In 726, the region participated in a rebellion against the iconoclast policies of emperor Leo III. Stephen, head of the fleet of the Cyclades islands, joined rebel leader Agallianos Kontoskeles in a failed attack on Constantinople.
From the late 8th century, two separate commands appear in the Aegean: the droungarios of the Aegean Sea (Aigaion Pelagos), apparently controlling the northern half, and the droungarios "of the Twelve Islands" (Dodekanesos) or "of the Gulf" (Kolpos), in charge of the southern half. The latter command eventually evolved into the theme of Samos, while the former evolved into the theme of the Aegean Sea, encompassing both the islands of the northern Aegean as well as the Dardanelles and the southern coasts of the Propontis.

==History==
The theme of the Aegean Sea must have been created in 843: its governing strategos does not appear in the Taktikon Uspensky of 842/843, which still lists the droungarios, but he is elsewhere attested as being active at Lesbos in 843.

The theme of the Aegean Sea was a regularly organized theme, subdivided into tourmai and banda and with a full complement of military, civil, and fiscal officials. In the areas of the Dardanelles and the Propontis, however, the droungarios and later the strategos of the Aegean probably shared authority with the Count of the Opsician Theme, to whose jurisdiction these territories properly belonged. The Count of the Opsicians probably retained authority over civil administration and local defence, while the Aegean theme was solely responsible for equipping ships and raising the men for fleets from these areas. A similar procedure existed in the theme of Samos as well. This view is strengthened by the fact that the Opsicians, and especially the Slavs (Sklabesianoi) forcefully settled by the Empire in the Opsician Theme, are attested serving as marines in the 10th century.

According to Emperor Constantine VII Porphyrogennetos (r. 913–959), in the early 10th century the theme included Lesbos (the seat of the strategos), Lemnos, Imbros and Tenedos, Chios (later transferred to Samos), the Sporades and the Cyclades. According to Hélène Ahrweiler, the Cyclades were probably transferred to the Aegean theme when the Dodekanesos/Kolpos naval command was broken up and the theme of Samos established from it in the late 9th century. In 911, the forces of the naval theme of the Aegean are recorded as being 2,610 oarsmen and 400 marines.
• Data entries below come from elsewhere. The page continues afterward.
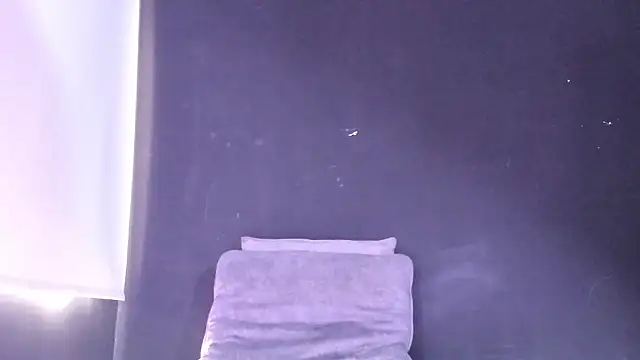 alondrabigtits webcam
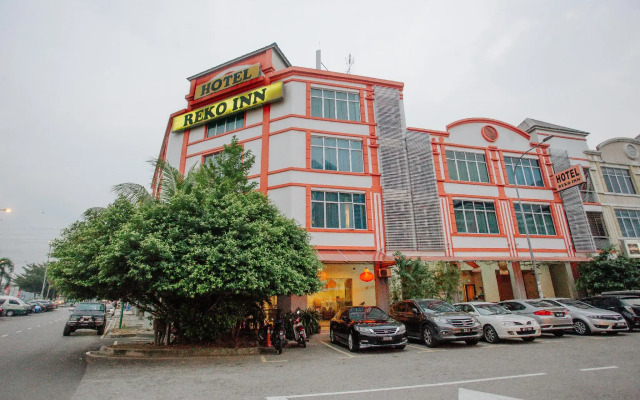 Hotel Reko Inn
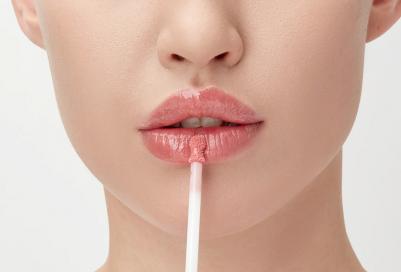 Блеск для губ c эффектом увеличения Plumping Kiss 6 мл 8011003840618 – фото 6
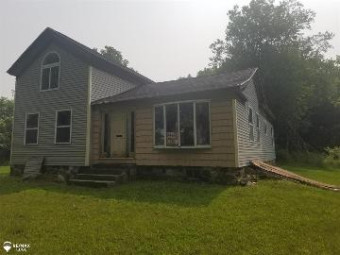 8135 Van Cleve Vassar, MI 48768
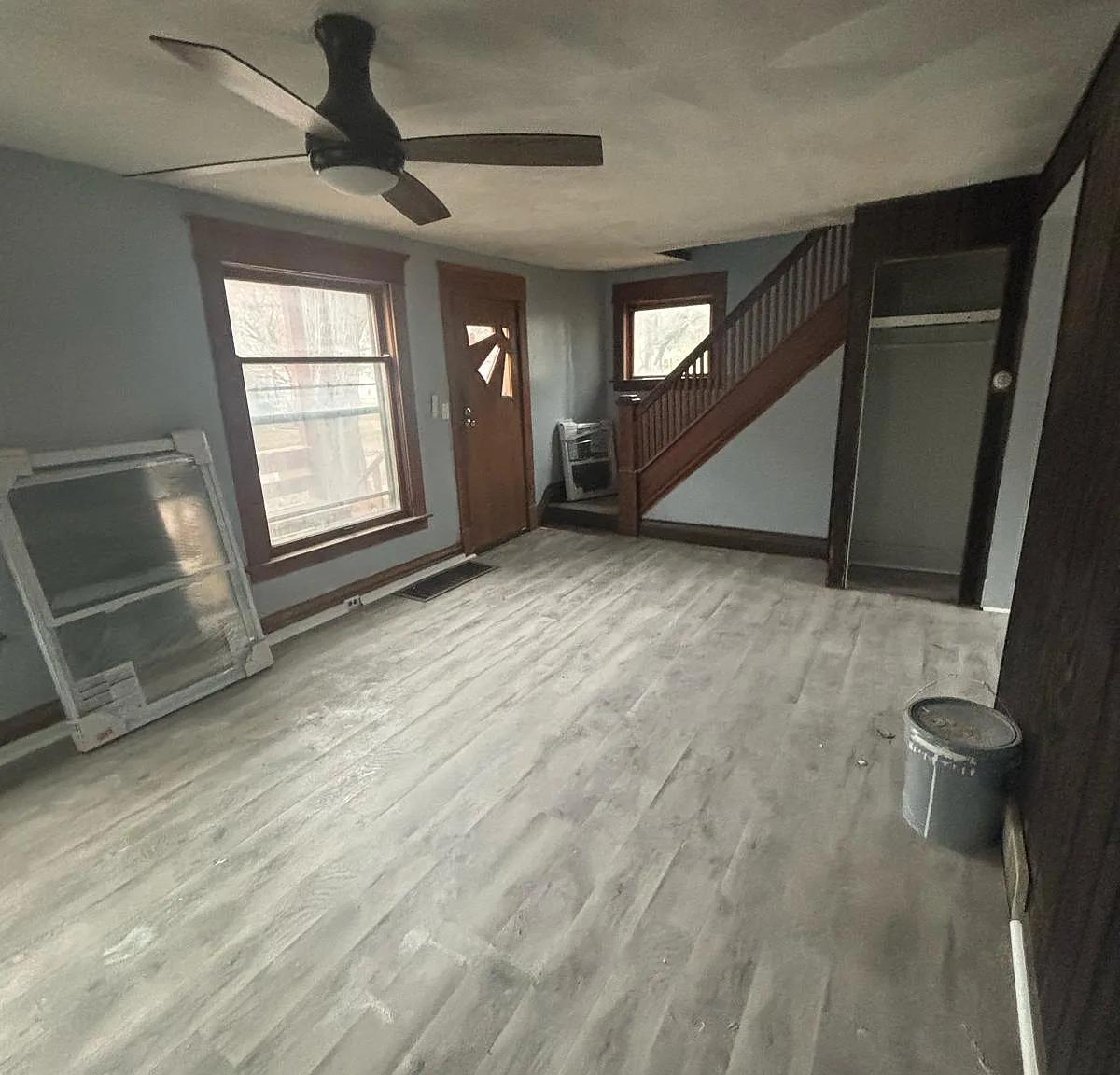 3 bed, 900 sqft, $1,498 — Photo 4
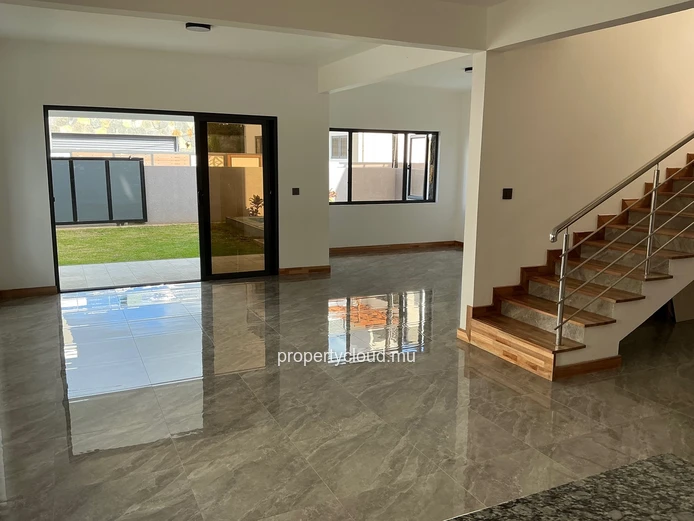 ?? FOR RENT – NEW 3-BEDROOM EN-SUITE VILLA + OFFICE | VALE, Mauritius
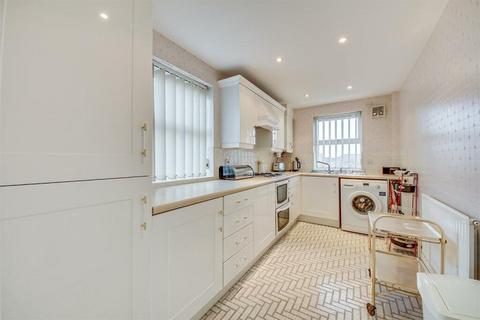 undefined, Carnoustie Close, Southport PR8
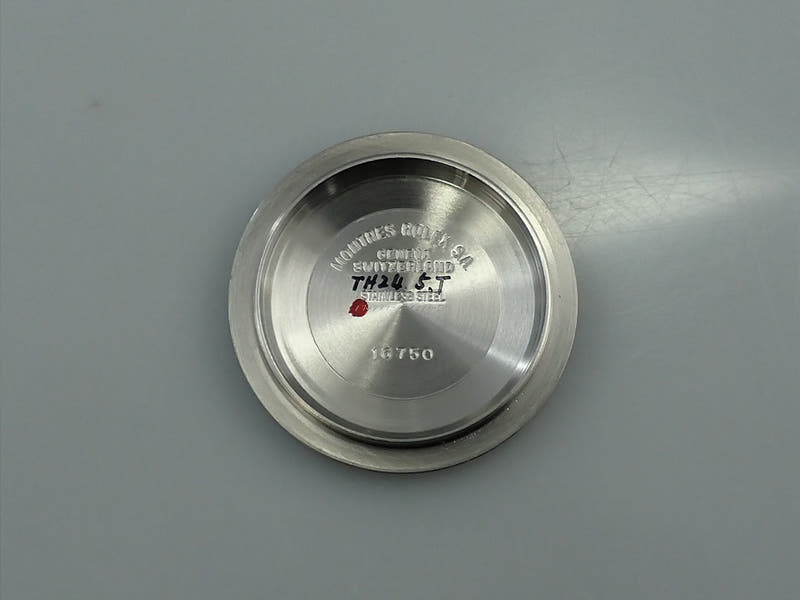 ロレックス GMTマスター Ref.1675 ブラック文字盤 中古 H7A4FVY2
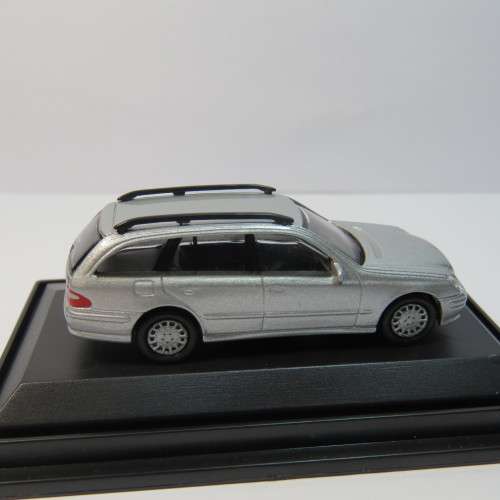 High speed Mercedes-Benz E-Class T-model car - Scale 1/87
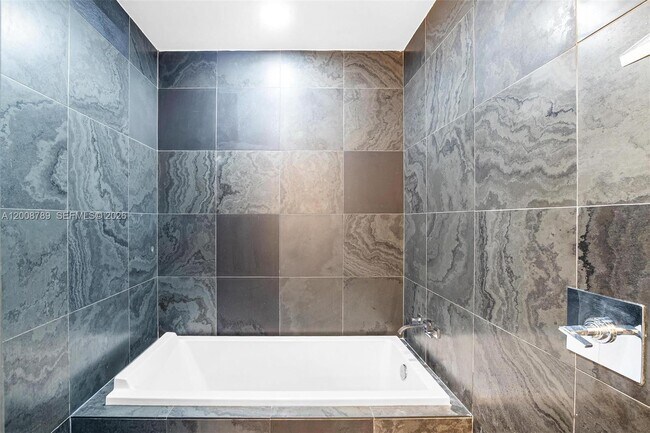 Building Photo - 900 Biscayne Blvd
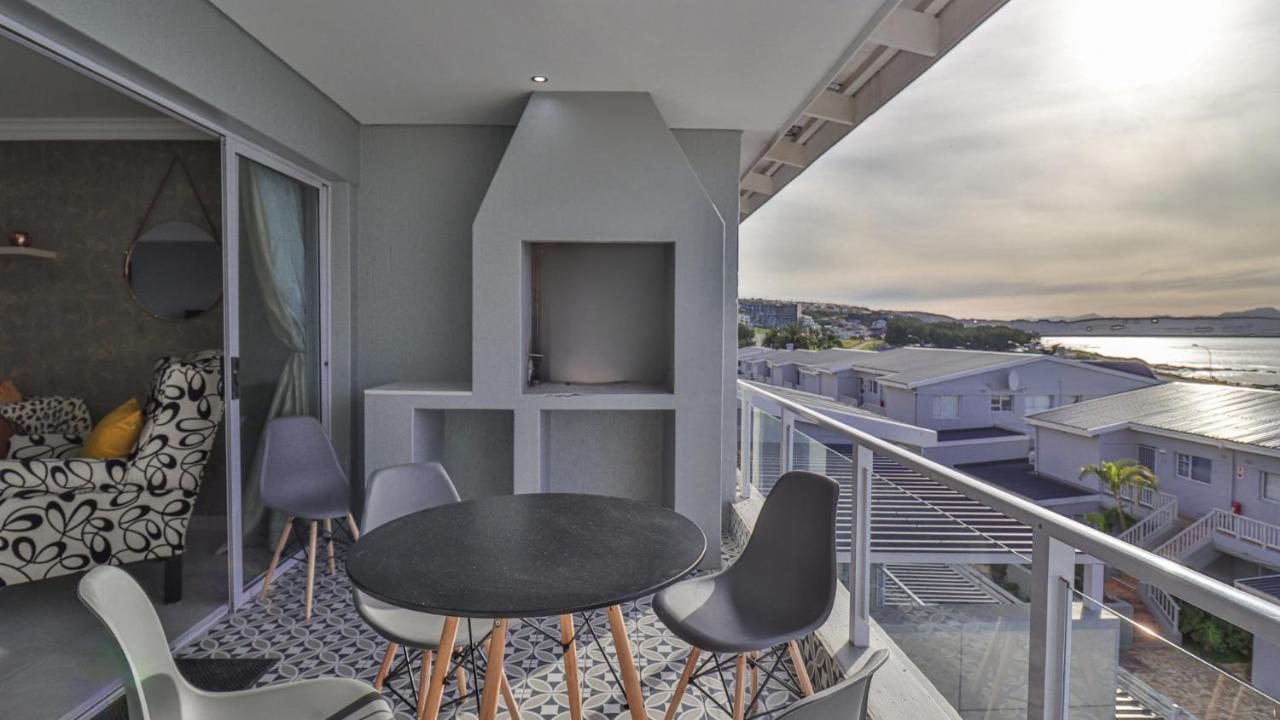 Air conditioned Mossel Bay Ocean View Apartment - De Bakke Terrace - B&B Mossel Bay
The province survived until the late 10th/early 11th century, when it became progressively split up into smaller commands. As the Cyclades and Sporades, Chios and the region of Abydos acquired their own strategoi, the theme of the Aegean became a purely civil province comprising only the coasts of the Propontis and the region around Constantinople. By the late 11th century, what remained of the old thematic fleet was incorporated into the unified imperial navy at Constantinople, under the command of the megas doux. Thereafter, some time in the 12th century, the theme of the Aegean seems to have been fused with the Opsician theme into a single province, as attested in the Partitio terrarum imperii Romaniae in 1204. The theme ceased to exist after the dissolution of the Byzantine Empire by the Fourth Crusade in 1204.